**Work instruction**
Omit the pictures and return exactly the stretch of the material below from the line with "Character could have" through the line with "The Prague teapot".

**Excerpted records**
☆ ☆ ☆ ☆

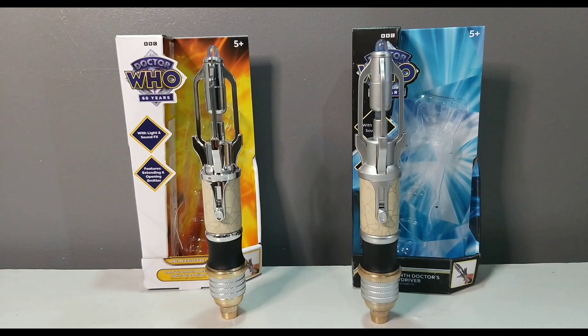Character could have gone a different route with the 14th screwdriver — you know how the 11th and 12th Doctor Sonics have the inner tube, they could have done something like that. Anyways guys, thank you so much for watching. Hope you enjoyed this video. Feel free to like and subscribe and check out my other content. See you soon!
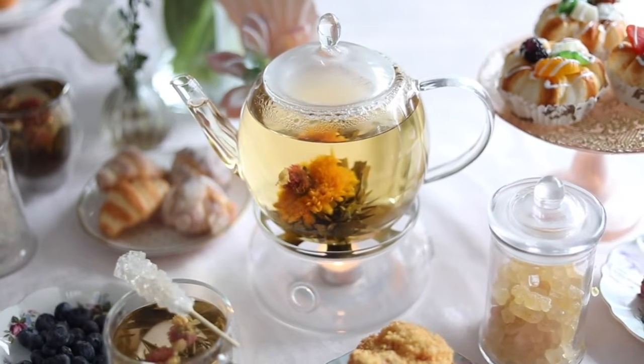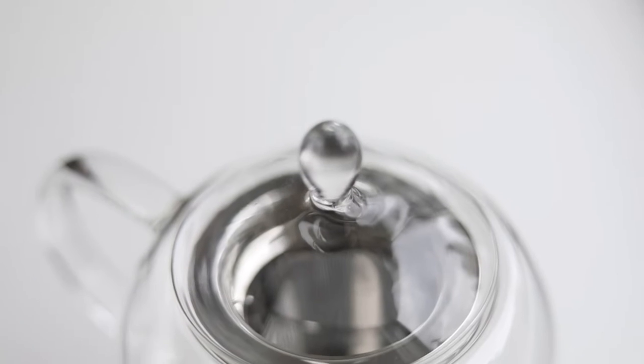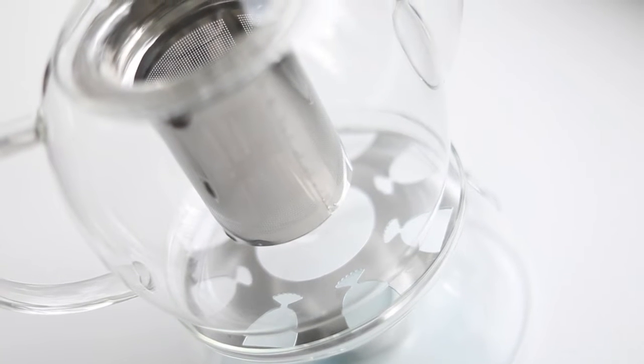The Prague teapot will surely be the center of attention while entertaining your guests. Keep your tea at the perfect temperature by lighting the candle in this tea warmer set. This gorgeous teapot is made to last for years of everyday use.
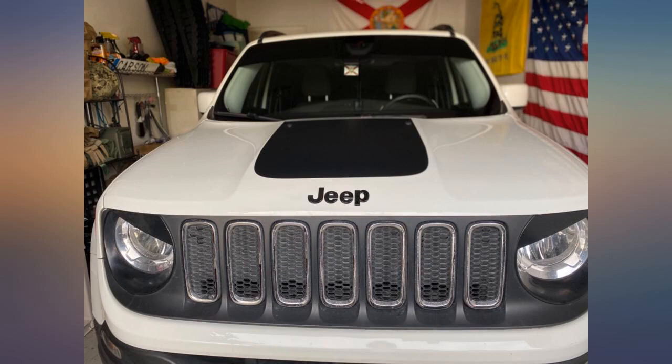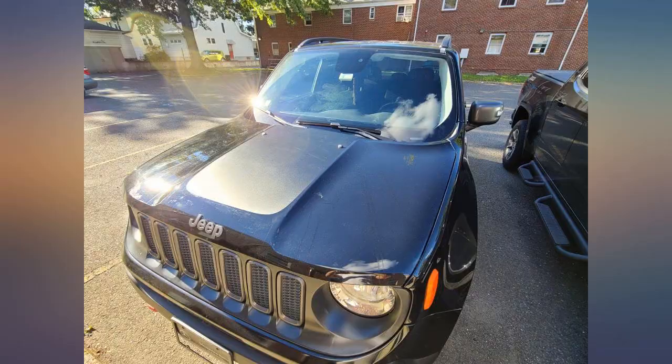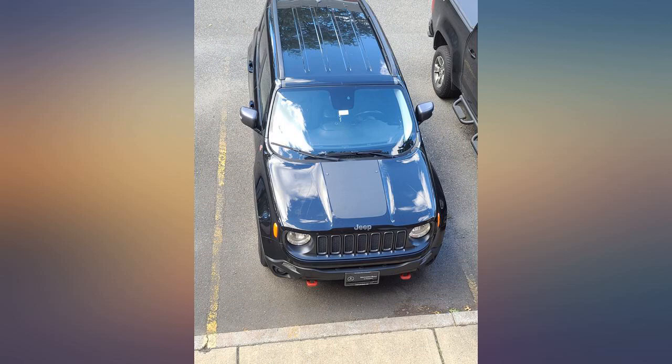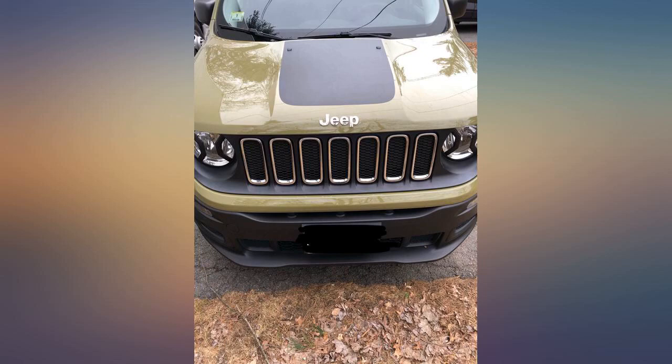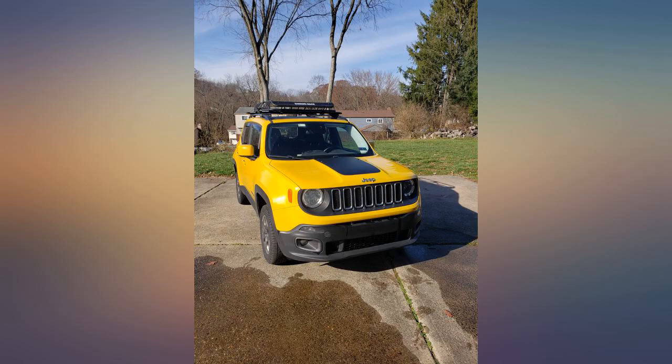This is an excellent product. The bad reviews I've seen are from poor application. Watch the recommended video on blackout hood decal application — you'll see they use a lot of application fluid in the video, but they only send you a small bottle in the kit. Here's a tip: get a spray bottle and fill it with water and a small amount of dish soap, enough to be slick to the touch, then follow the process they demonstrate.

☆ ☆ ☆ ☆

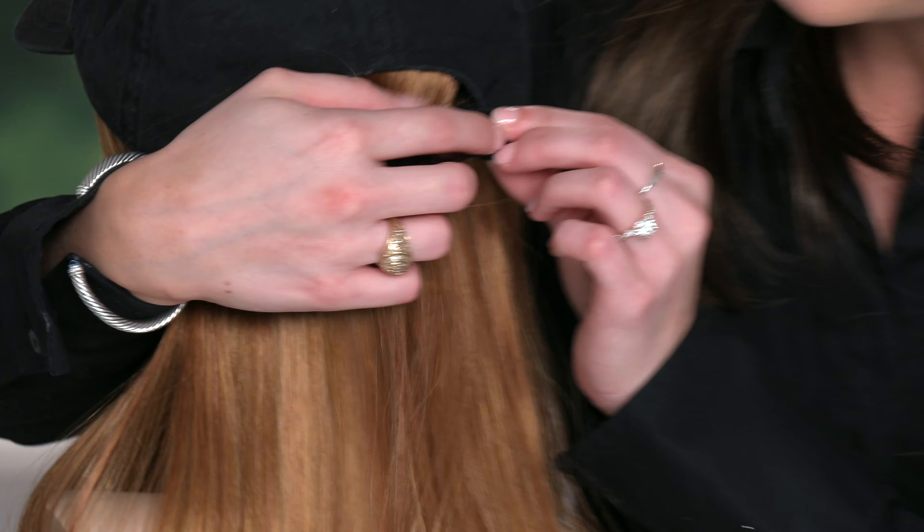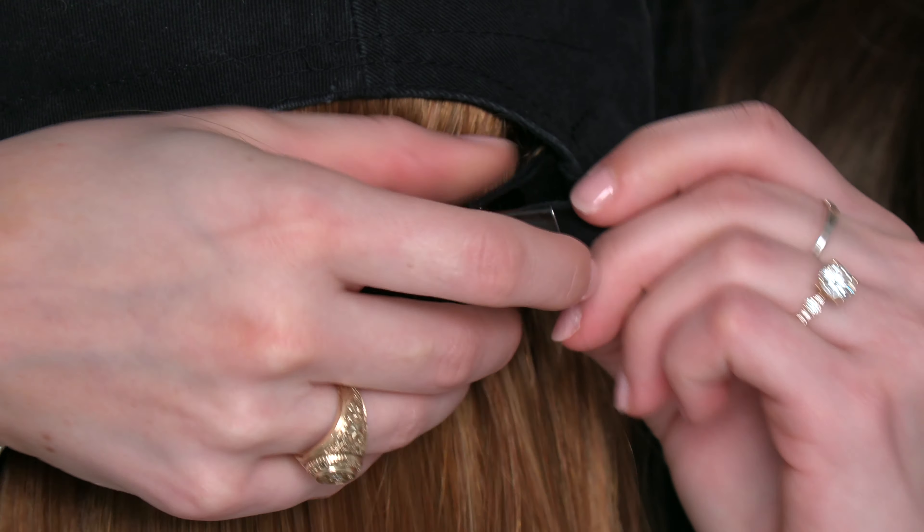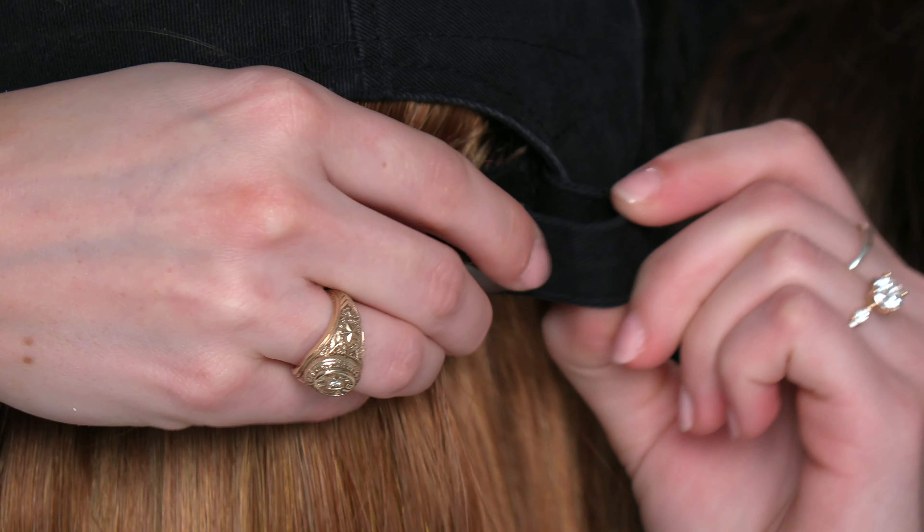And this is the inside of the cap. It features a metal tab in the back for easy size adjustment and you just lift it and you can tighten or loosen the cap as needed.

☆ ☆ ☆ ☆

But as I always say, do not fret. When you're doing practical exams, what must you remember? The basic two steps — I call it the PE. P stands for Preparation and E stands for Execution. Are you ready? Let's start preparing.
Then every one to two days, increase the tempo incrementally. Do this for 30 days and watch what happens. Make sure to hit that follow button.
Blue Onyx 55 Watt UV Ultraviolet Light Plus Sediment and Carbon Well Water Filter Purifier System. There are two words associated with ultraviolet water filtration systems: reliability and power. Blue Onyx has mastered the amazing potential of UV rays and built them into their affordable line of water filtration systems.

☆ ☆ ☆ ☆

**Result for this exercise**
Character could have gone a different route with the 14th screwdriver — you know how the 11th and 12th Doctor Sonics have the inner tube, they could have done something like that. Anyways guys, thank you so much for watching. Hope you enjoyed this video. Feel free to like and subscribe and check out my other content. See you soon!
The Prague teapot will surely be the center of attention while entertaining your guests. Keep your tea at the perfect temperature by lighting the candle in this tea warmer set. This gorgeous teapot is made to last for years of everyday use.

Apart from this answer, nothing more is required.